The installation process would take 30-35 minutes depending upon path_routing configuration. If the installation is not complete within this time, cancel the install.sh script execution and follow instruction in this document to troubleshoot the issues.]

Investigating Failures

All adoons are deployed as ArgoCD application in a two-step process.

  • Bootstraping the EKS cluster with Argo CD and External Secret Operator using idpbuilder
  • Creating rest of the addons through Argo CD on EKS cluster.

Therefore, the best way to investigate and issue is to navigate to respective ArgoCD UI and review any errors in Argo CD application or in logs of the specific addon.

First, switch context to kind-localdev cluster (idpbuilder) or EKS cluster and run following command to retrieve passwordof Argo CD.

kubectl get secrets -n argocd argocd-initial-admin-secret -oyaml | yq '.data.password' | base64 -d
# OR
idpbuilder get secrets -p argocd -o yaml

To Access idpbuilder Argo CD:

In a web browser, Visit https://cnoe.localtest.me:8443/argocd.

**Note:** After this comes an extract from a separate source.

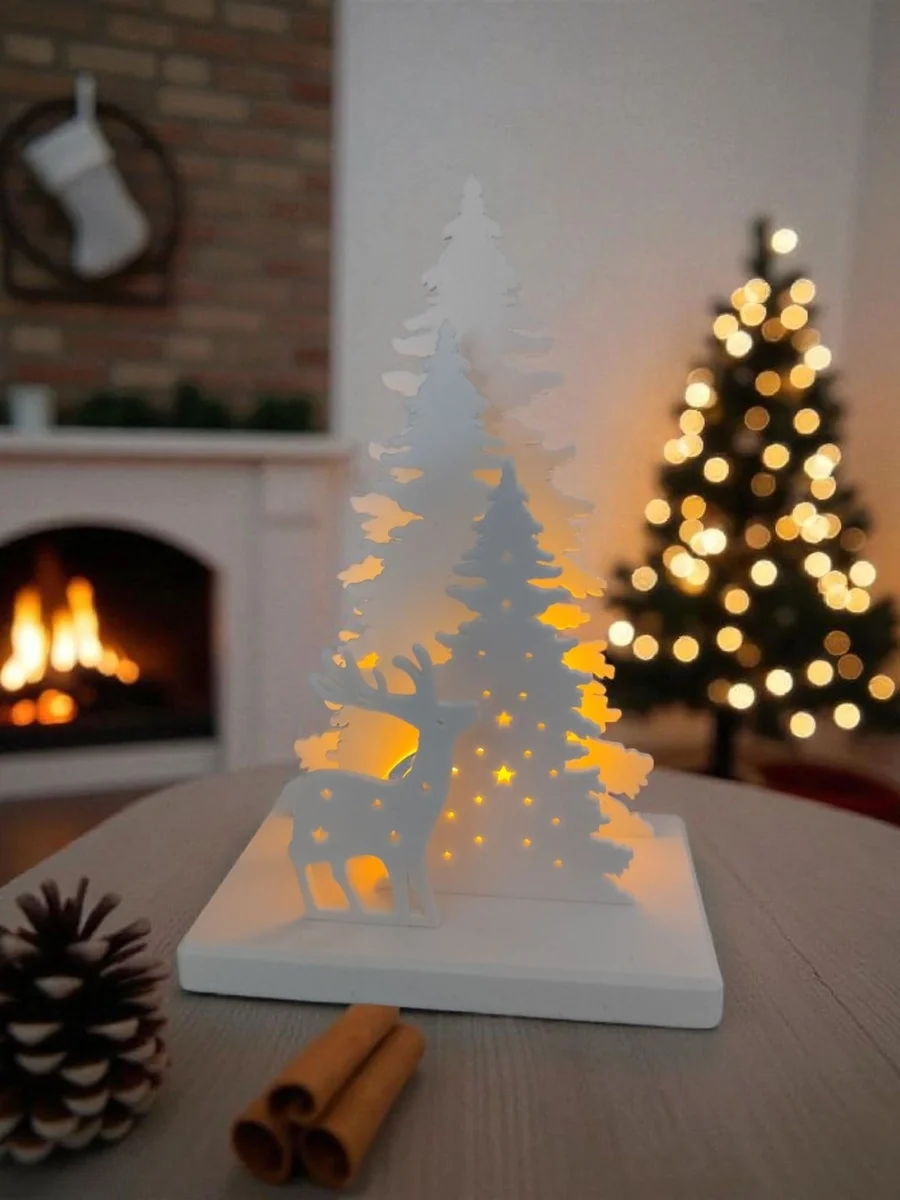 Christmas Decoration LED Tealight Holder with Tree & Reindeer for Home Decor photo 1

To Access EKS Cluster Argo CD: Verify if the Argo CD, Ingress NGINX and Cert-Manager addons on EKS cluster are healthy.

kubectl get applications -n argocd

If these addons are healthy then the EKS cluster Argo CD can be accessed directly in web browser using URL https://argocd.[domain_name] or https://[domain_name]/argocd

Otherwise, start a kubernetes port forward session for Argo CD:

kubectl port-forward -n argocd svc/argocd-server 8080:80

After this, visit https://localhost:8080 or https://localhost:8080/argocd in a web browser.

Common issues

DNS Records not updated after reinstallation

External DNS does not delete DNS records during uninstallation. After reinstallation, External DNS might not be able to update the records with new values. in such cases, delete A, AAAA and TXT records from the Route 53 Hosted Zone and restart the external DNS pods. This will trigger a creation of new records.

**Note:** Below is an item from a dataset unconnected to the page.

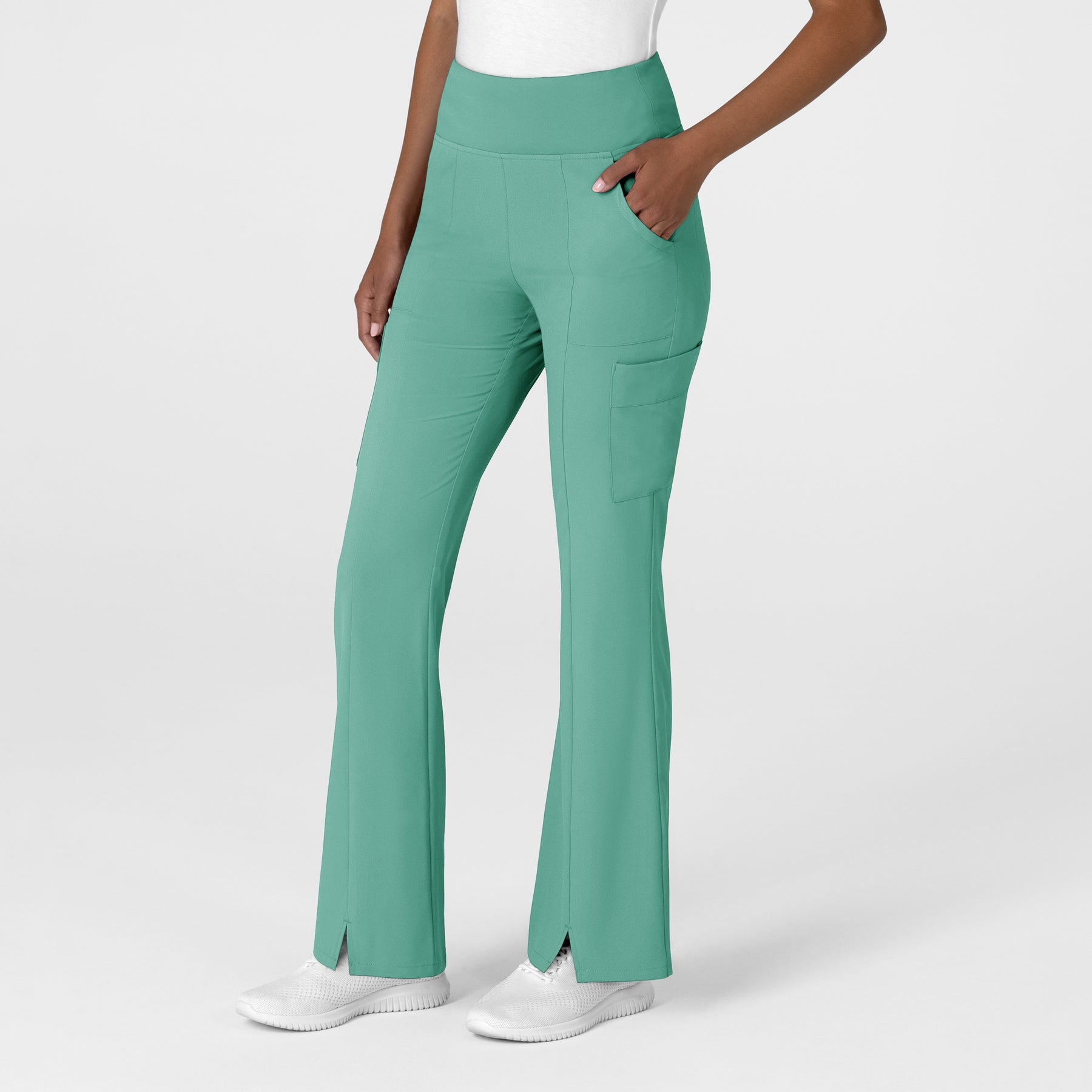 RENEW Women's Cargo Flare Scrub Pant Turquoise side view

Certificate not issued by Cert Manager

  • Describe the pending certificate challenge. If it shows message similar to:
Reason:      Waiting for HTTP-01 challenge propagation: failed to perform self check GET request 'http://DOMAIN_NAME/.well-known/acme-challenge/6AQ5cRc7J6FNQ9xGOBDI5_G1lHsNM5J5ivbS3iSHd3c': Get "http://DOMAIN_NAME/.well-known/acme-challenge/6AQ5cRc7J6FNQ9xGOBDI5_G1lHsNM5J5ivbS3iSHd3c": dial tcp: lookup argo.DOMAIN_NAME on 10.100.0.10:53: no such host

This is due to DNS propagation delay in the cluster. Once DNS entries are propagated (may take ~10 min), certificate should be issued.

  • The reference implentation uses Lets Encrypt production API for requesting certificates. This API has certain limits on number of certificates issued. Due to these rate limits certificates may not be issued. Refer to Lets Encrypt documentation for more information about this API throttling.